◆ What you should do: Exactly the lines below from the line with "Spohr: Der Fall Babylons - Louis Spohr" through the line with "Javac Edge XTR-Pro-DV" must make up the answer, both ends included and pictures left out.

◆ Given entries:
* * * * * * * * *

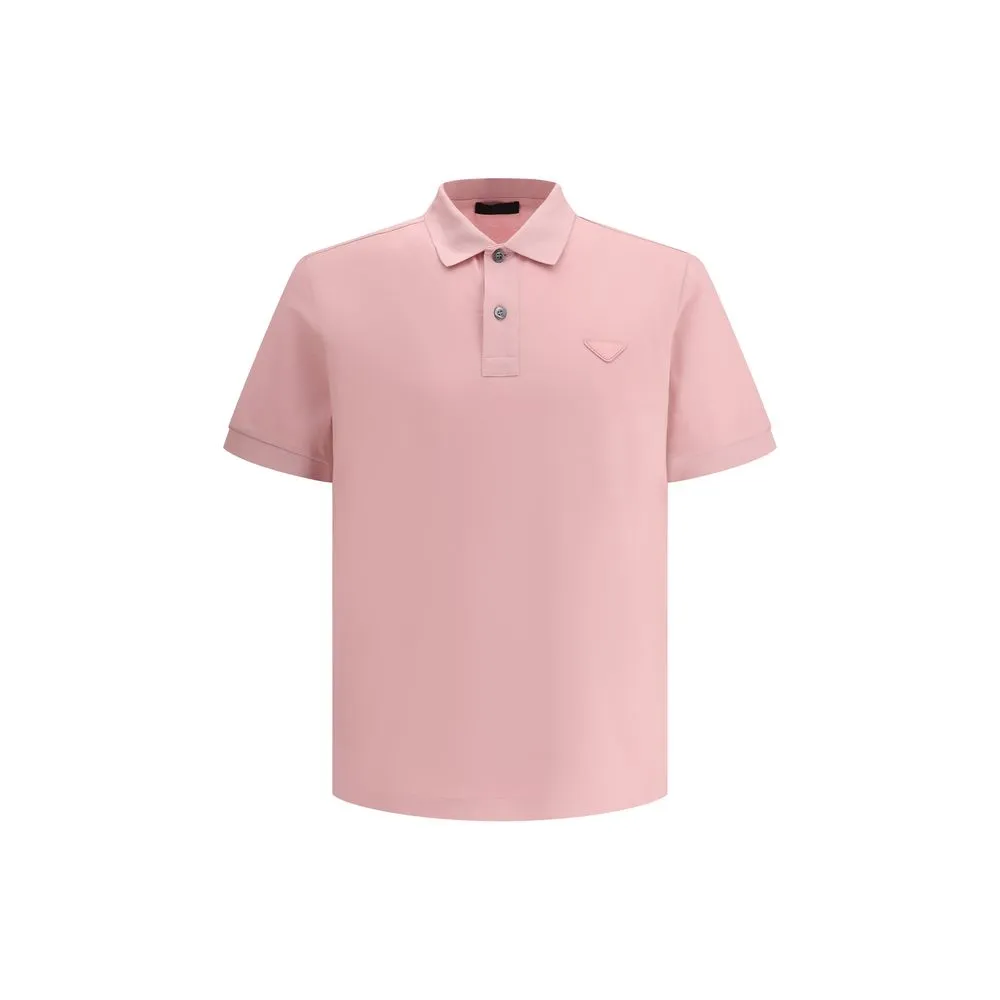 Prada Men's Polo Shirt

* * * * * * * * *

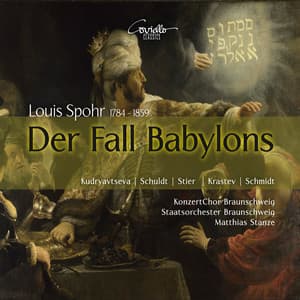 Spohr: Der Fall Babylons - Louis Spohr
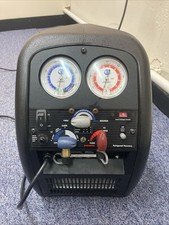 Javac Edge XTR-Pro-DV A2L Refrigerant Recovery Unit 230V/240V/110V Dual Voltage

* * * * * * * * *

◆ Result for this task:
 Spohr: Der Fall Babylons - Louis Spohr
 Javac Edge XTR-Pro-DV A2L Refrigerant Recovery Unit 230V/240V/110V Dual Voltage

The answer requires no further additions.